[[ RECORDS FOR THE TASK, beginning ]]
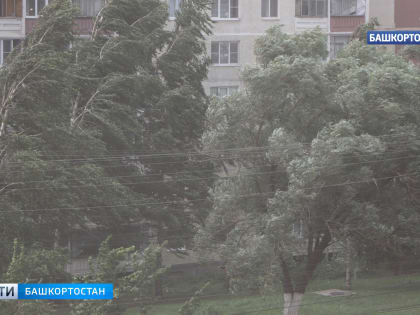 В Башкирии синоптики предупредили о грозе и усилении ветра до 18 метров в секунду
[[ RECORDS FOR THE TASK, end ]]
[[ RECORDS FOR THE TASK, beginning ]]
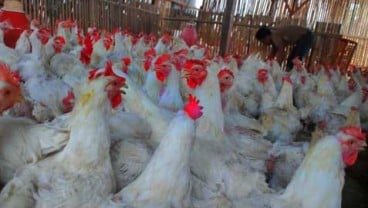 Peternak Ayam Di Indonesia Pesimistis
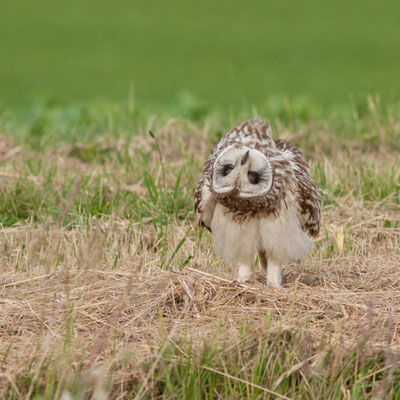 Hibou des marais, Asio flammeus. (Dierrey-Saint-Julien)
[[ RECORDS FOR THE TASK, end ]]
[[ RECORDS FOR THE TASK, beginning ]]
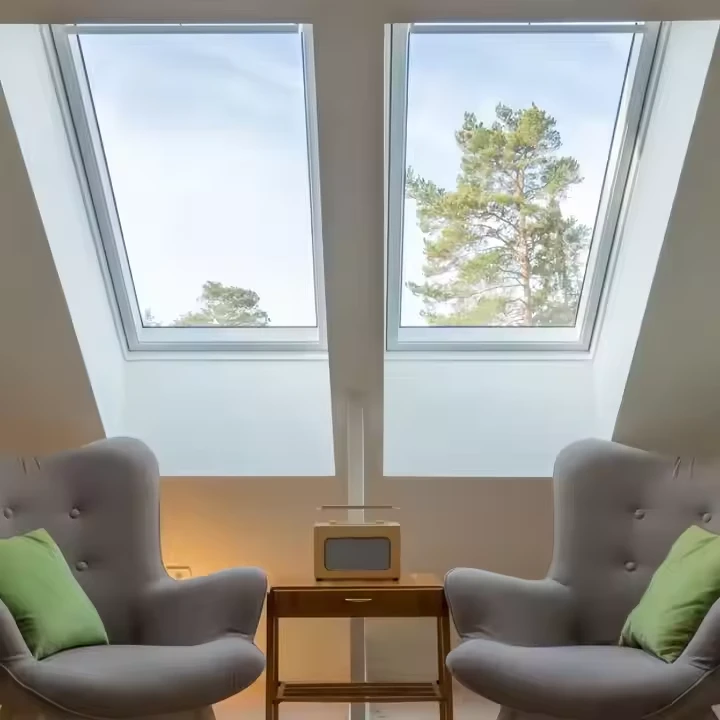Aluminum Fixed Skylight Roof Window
[[ RECORDS FOR THE TASK, end ]]
> **PROBLEM REQUIREMENTS**:
In the entries above, find the line containing "Peternak Ayam Di Indonesia Pesimistis" and the line containing "Hibou des marais, Asio", then copy both and every line between them exactly, without any picture.

> **OUTPUT FOR THIS TASK**:
 Peternak Ayam Di Indonesia Pesimistis
 Hibou des marais, Asio flammeus. (Dierrey-Saint-Julien)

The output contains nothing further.